Sumatran coffee has the reputation for being unlike any other coffee with a big body, distinctive fruity notes, and a unique earthiness. The coffee in the Gayo Mountains grows like no coffee I have ever seen. It is insanely abundant with dense green coffee bushes covering almost every hillside. The conditions here are pretty much perfect for growing arabica coffee. The topsoil is volcanic, rich, and deep. The rainfall has been– until very recently– like clockwork coming at the right times. The climate is tropical and mild. And because of its position on the equator harvests come twice a year with red cherries and new flowers often existing on the same plant at the same time.
The “semi-wet” processing of Sumatran coffee is what can give it its rich, big bodied, fruity flavor or what can send it over the edge to an over-fermented, sour, hot mess. At Permata Gayo there is a three part drying process instead of the normal one/two part process practiced by farmers elsewhere using the “wet process”. The beans are depulped at the farm with the cherry skin being stripped away by a mechanical depulper. The beans are then taken to the village collector who ferments them in a waterless tank for anywhere from overnight to a couple of days. After this the collector washes the beans to flush off most of the remaining fruit. The lack of uniformity in the fermentation process here in a key control point adds to the unpredictable nature of Sumatran coffee. The time in the fermentation tanks can add the unique fruity notes or turn the coffee sour and undrinkable. Each village collector seemed to have slightly different ideas about what the optimal process is at this point
When the coffee reaches a moisture content of around 40% it is washed briefly in a container with holes for the water to escape. It is then gathered and de-hulled removing any left over mucilage as well as the “shell” and then spread again until it reaches about an 18% moisture content. At this point it is bagged and taken to the warehouse for final drying, grading, sorting, and blending.

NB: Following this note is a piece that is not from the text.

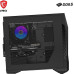 MSI MAG INFINITE S3 14NUD7-1432EU i7-14700F 16 GB 1 TB SSD RTX4060TI Masaüstü Bilgisayar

At the warehouse the coffee is spread again on a massive patio and dried to around 13% moisture content. At this point is is ready to start the final processes. Local women hand-sort the coffee siting on the concrete floor of the warehouse in a group as they pick through the coffee taking out beans that are discolored, broken, insect-damaged, lacking density, etc. They make around $5-$6 per day– which is at or above the local minimum wage– and are not members of Permata Gayo Co-op. They fought for and received a raise last year and were pretty pleased about that. They take the good beans and place them in a big pile which is then re-bagged and made ready for export. The beans are then blended according to recommendations from the quality control and cupping folks of Permata. The beans are tracked according to what truck they came in on and each truck is grouped according to the village where the coffee was grown. This hypothetically allows Permata to understand the characteristics of the coffee better and to make decisions about how it is blended according to what each buyer is looking for.
While at the Permata warehouse we cupped 4 samples– 2 destined for Just Coffee and other Co-op Coffees roasters, 1 for our European counterparts of Roasters United, and 1 for a conventional commercial importer. The coffees were generally good to great and I am happy to say that the two lots coming to Co-op Coffees were the best ones. The coffees this year have a higher acidity level and a little less of the earthiness that Permata coffees often have. They had decent body and were very balanced– a little bit of a rarity for Sumatran coffee!
Overall Permata’s process was interesting to see. The lack of real control over the collectors in their co-op leave open the possibility for “freelancing” when it comes to process. That kind of variability can lead to unexpected results– sometimes good and sometimes less than desirable– that give this coffee its reputation for unruliness. The collector system seems embedded in the culture and different co-ops integrate them in different ways. Some, like Permata, treat them in in fairly hands-off way independent contractors that are a node between the co-op and its members. Other co-ops have absorbed them more into the co-op and pay them for their services as members. Without judgement I can say that they are a wildcard and quite different than the average primary co-op processor in Latin America.